(1) An issuer offering a security that is a covered security under 18(b)(4)(D) of the Securities Act of 1933 shall file a notice on Form D (17 CFR 239.500), and pay the fee required by 30-10-209(1)(a) and (1)(c), MCA, no later than 15 days after the first sale of the security in this state. An issuer shall file a renewal for each succeeding year that a security is offered in this state, and pay the fee required by 30-10-209(1)(b), MCA.
(2) For purposes of this rule, the SEC "Form D" is defined as the document, as adopted by the Securities and Exchange Commission and in effect on September 1, 1996, as may be amended by the SEC from time to time, entitled "Form D; notice of sale of securities pursuant to regulation D, section 4(6), and/or uniform limited offering exemption," including part E and the Appendix.
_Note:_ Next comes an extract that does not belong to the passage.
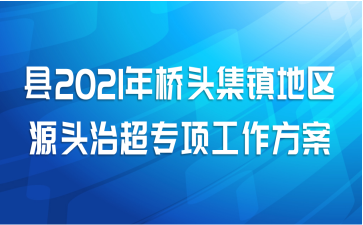 县2021年桥头集镇地区源头治超专项工作方案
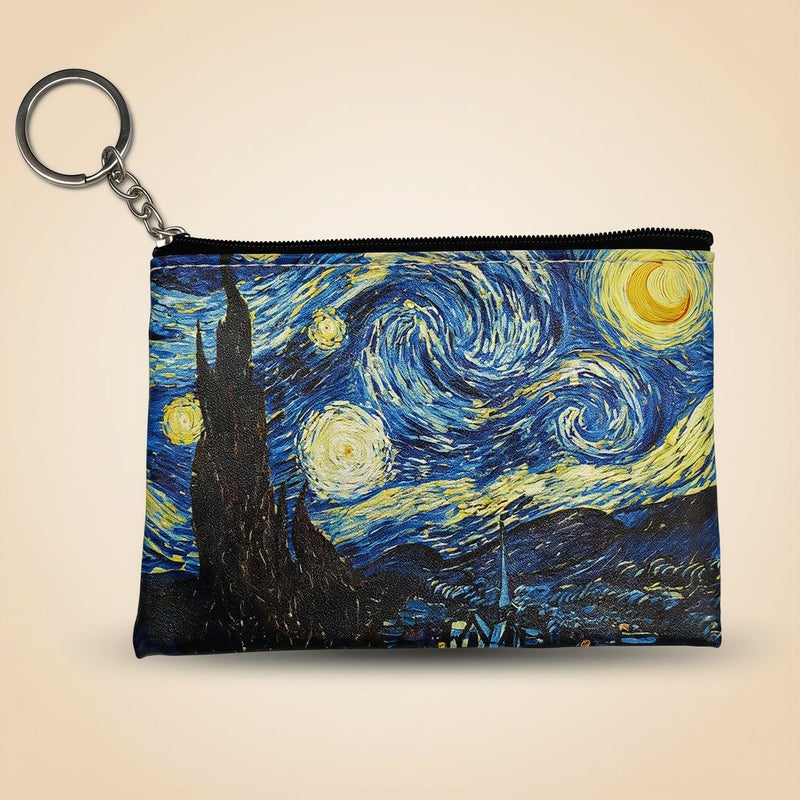 Unisex Van Gogh Art Coin Purse All Age Friendly Classic Painting Small Change Pouch - Image 5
(3) Any Form D filing or renewal required under (1) must be submitted to the commissioner through the Electronic Filing Depository (EFD) operated by the North American Securities Administrators Association, Inc., and must comply with the following:
(a) All filing or renewal fees shall likewise be submitted through the EFD;
(b) A person duly authorized by the issuer shall affix his or her electronic signature to the Form D filing by typing his or her name in the appropriate fields and submitting the filing through the EFD, which shall constitute irrefutable evidence of legal signature by the individual whose name is typed on the filing; and
(c) Any documents or fees required under (1) to be filed with the commissioner that are not permitted to be filed with, or cannot be accepted by, the EFD must be filed directly with the commissioner, and must be accompanied by a statement from the issuer providing the date the filing was attempted through the EFD.